(Stored records)
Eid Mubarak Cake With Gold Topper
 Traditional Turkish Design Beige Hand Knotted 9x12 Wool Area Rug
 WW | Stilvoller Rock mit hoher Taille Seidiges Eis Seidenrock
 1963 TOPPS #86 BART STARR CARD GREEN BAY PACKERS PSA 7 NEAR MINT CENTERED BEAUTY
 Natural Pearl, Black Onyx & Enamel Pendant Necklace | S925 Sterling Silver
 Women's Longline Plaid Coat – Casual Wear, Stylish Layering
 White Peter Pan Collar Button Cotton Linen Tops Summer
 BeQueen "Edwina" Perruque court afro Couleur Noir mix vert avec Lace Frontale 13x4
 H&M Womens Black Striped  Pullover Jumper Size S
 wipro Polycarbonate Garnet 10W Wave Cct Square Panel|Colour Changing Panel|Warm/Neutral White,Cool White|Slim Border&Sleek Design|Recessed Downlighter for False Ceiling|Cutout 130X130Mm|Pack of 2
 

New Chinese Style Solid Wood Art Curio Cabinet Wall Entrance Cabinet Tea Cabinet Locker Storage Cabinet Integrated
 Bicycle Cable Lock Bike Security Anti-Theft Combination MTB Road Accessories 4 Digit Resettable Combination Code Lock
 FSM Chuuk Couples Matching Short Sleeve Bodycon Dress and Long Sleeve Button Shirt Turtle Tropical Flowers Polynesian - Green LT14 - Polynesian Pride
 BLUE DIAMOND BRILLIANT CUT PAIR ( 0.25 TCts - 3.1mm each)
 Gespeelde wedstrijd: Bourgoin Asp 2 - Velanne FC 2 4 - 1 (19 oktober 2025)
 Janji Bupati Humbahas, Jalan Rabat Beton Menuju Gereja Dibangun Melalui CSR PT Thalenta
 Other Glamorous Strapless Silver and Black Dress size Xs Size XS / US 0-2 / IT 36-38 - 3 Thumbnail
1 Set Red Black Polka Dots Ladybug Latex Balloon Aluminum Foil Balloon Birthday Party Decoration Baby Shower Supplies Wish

§ Work task
If a line in the entries above holds "Size", include it in the count; report nothing but the resulting number.

§ Solution
2